::: The input :::

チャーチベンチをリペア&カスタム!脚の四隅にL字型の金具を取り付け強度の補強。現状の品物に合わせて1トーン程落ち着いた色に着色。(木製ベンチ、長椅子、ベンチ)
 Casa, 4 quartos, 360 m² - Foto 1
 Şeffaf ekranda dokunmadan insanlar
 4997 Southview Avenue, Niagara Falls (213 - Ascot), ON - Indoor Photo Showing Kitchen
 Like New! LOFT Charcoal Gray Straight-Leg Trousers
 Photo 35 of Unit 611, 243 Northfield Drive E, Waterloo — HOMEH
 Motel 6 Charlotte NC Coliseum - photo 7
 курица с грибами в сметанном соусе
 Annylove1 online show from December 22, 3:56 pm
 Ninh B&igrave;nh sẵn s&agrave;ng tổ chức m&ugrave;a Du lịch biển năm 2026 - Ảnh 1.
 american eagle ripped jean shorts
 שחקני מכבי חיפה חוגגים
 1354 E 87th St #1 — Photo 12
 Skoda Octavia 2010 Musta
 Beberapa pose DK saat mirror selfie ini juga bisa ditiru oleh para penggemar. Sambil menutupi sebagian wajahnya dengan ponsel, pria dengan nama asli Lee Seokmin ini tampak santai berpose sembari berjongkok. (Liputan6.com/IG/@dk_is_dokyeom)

:::

## Task statement
Please print each entry once more, exactly as it reads.

## Exercise answer
チャーチベンチをリペア&カスタム!脚の四隅にL字型の金具を取り付け強度の補強。現状の品物に合わせて1トーン程落ち着いた色に着色。(木製ベンチ、長椅子、ベンチ)
 Casa, 4 quartos, 360 m² - Foto 1
 Şeffaf ekranda dokunmadan insanlar
 4997 Southview Avenue, Niagara Falls (213 - Ascot), ON - Indoor Photo Showing Kitchen
 Like New! LOFT Charcoal Gray Straight-Leg Trousers
 Photo 35 of Unit 611, 243 Northfield Drive E, Waterloo — HOMEH
 Motel 6 Charlotte NC Coliseum - photo 7
 курица с грибами в сметанном соусе
 Annylove1 online show from December 22, 3:56 pm
 Ninh B&igrave;nh sẵn s&agrave;ng tổ chức m&ugrave;a Du lịch biển năm 2026 - Ảnh 1.
 american eagle ripped jean shorts
 שחקני מכבי חיפה חוגגים
 1354 E 87th St #1 — Photo 12
 Skoda Octavia 2010 Musta
 Beberapa pose DK saat mirror selfie ini juga bisa ditiru oleh para penggemar. Sambil menutupi sebagian wajahnya dengan ponsel, pria dengan nama asli Lee Seokmin ini tampak santai berpose sembari berjongkok. (Liputan6.com/IG/@dk_is_dokyeom)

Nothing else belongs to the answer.